サービスを追加する方法とイニシエーターを追加する方法はいずれも、レジストリーの拡張 (新しいサービスロールの追加) やサービスのオーバーライド (サービス実装の置換) に対して有効です。

例: ServiceRegistryBuilder を用いた既存サービスのカスタマーサービスへの置き換え

   ServiceRegistryBuilder registryBuilder = new ServiceRegistryBuilder( bootstrapServiceRegistry );
   registryBuilder.addService( JdbcServices.class, new FakeJdbcService() );
   ServiceRegistry serviceRegistry = registryBuilder.buildServiceRegistry();


   public class FakeJdbcService implements JdbcServices{

       @Override
       public ConnectionProvider getConnectionProvider() {
           return null;
       }

       @Override
       public Dialect getDialect() {
           return null;
       }

       @Override
       public SqlStatementLogger getSqlStatementLogger() {
           return null;
       }

       @Override
       public SqlExceptionHelper getSqlExceptionHelper() {
           return null;
       }

       @Override
       public ExtractedDatabaseMetaData getExtractedMetaDataSupport() {
           return null;
       }

       @Override
       public LobCreator getLobCreator(LobCreationContext lobCreationContext) {
           return null;
       }

       @Override
       public ResultSetWrapper getResultSetWrapper() {
           return null;
       }
   }

12.9.6. ブートストラップレジストリー

12.9.6.1. ブートストラップレジストリー

ブートストラップレジストリーは、ほとんどの操作を行うために必ず必要になるサービスを保持します。主なサービスは ClassLoaderService (代表的な例) です。設定ファイルの解決にもクラスローディングサービス (リソースのルックアップ) へのアクセスが必要になります。通常の使用では、これがルートレジストリー (親なし) になります。

ブートストラップレジストリーのインスタンスは org.hibernate.service.BootstrapServiceRegistryBuilder クラスを使用してビルドされます。

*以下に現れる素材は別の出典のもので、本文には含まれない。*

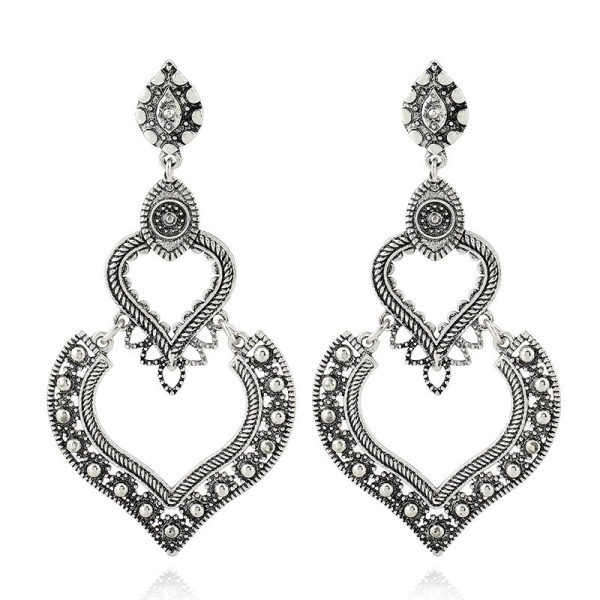 Серьги в бохо стиле Два сердца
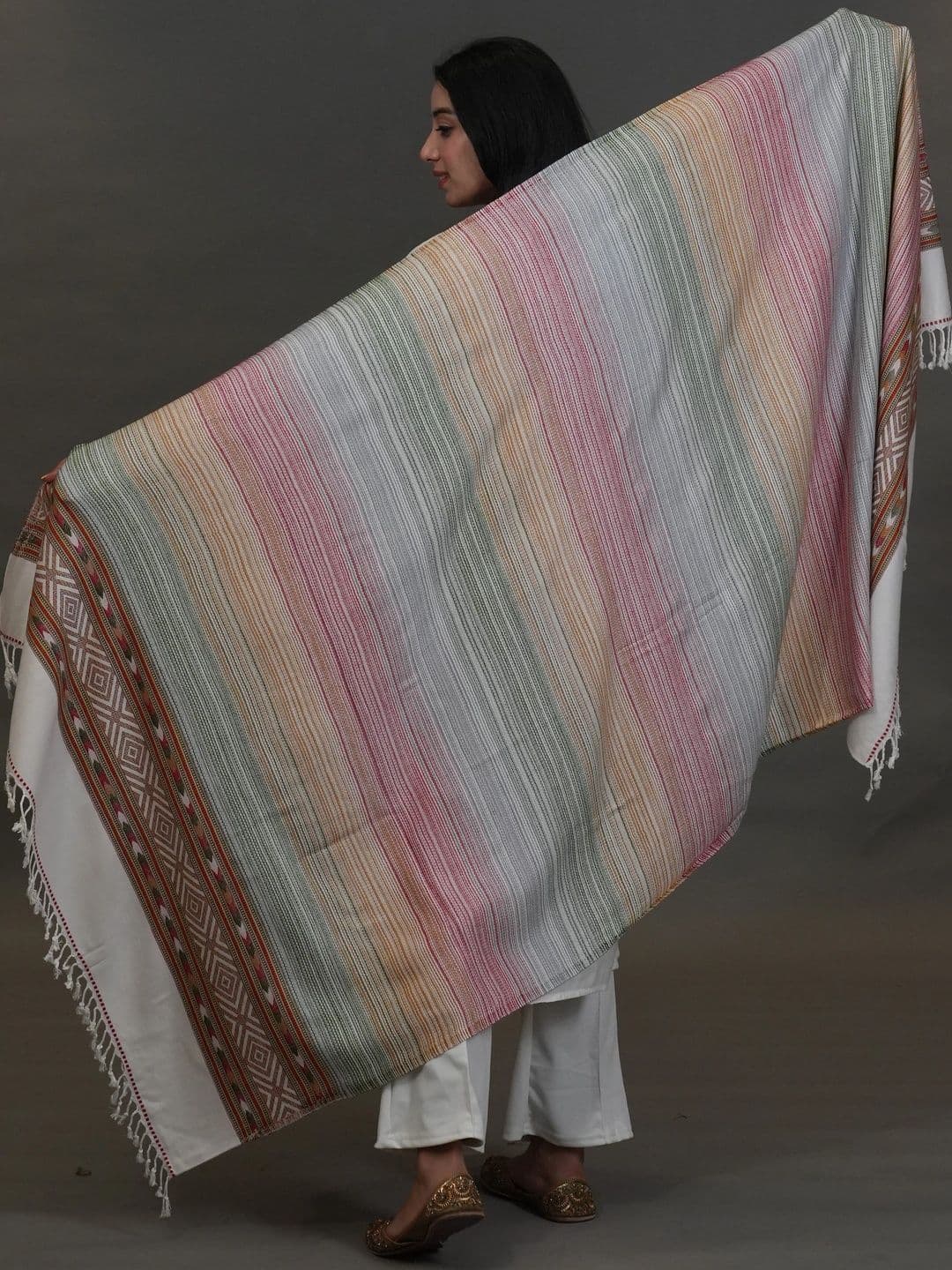 SHIFNEEN Women Geometric Woven Design Acrylic Shawl thumbnail 3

12.9.6.2. BootstrapServiceRegistryBuilder の使用

例: BootstrapServiceRegistryBuilder の使用

BootstrapServiceRegistry bootstrapServiceRegistry = new BootstrapServiceRegistryBuilder()
        // pass in org.hibernate.integrator.spi.Integrator instances which are not
        // auto-discovered (for whatever reason) but which should be included
        .with( anExplicitIntegrator )
        // pass in a class loader that Hibernate should use to load application classes
        .with( anExplicitClassLoaderForApplicationClasses )
        // pass in a class loader that Hibernate should use to load resources
        .with( anExplicitClassLoaderForResources )
        // see BootstrapServiceRegistryBuilder for rest of available methods
        ...
        // finally, build the bootstrap registry with all the above options
        .build();

12.9.6.3. BootstrapRegistry サービス

org.hibernate.service.classloading.spi.ClassLoaderService

Hibernate はクラスローダーと対話する必要がありますが、Hibernate (またはライブラリー) がクラスローダーと対話する方法は、アプリケーションをホストするランタイム環境によって異なります。クラスローディングの要件は、アプリケーションサーバー、OSGi コンテナー、およびその他のモジュラークラスローディングシステムによって限定されます。このサービスは、このような環境の複雑性の抽象化を Hibernate に提供しますが、単一のスワップ可能なコンポーネントを用いることも重要な点になります。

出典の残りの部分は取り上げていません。